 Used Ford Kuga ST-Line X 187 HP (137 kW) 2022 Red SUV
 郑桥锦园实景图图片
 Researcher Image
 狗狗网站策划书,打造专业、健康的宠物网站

Task:
Set down the whole listing again. Keep every word as it is.

Answer to the exercise:
 Used Ford Kuga ST-Line X 187 HP (137 kW) 2022 Red SUV
 郑桥锦园实景图图片
 Researcher Image
 狗狗网站策划书,打造专业、健康的宠物网站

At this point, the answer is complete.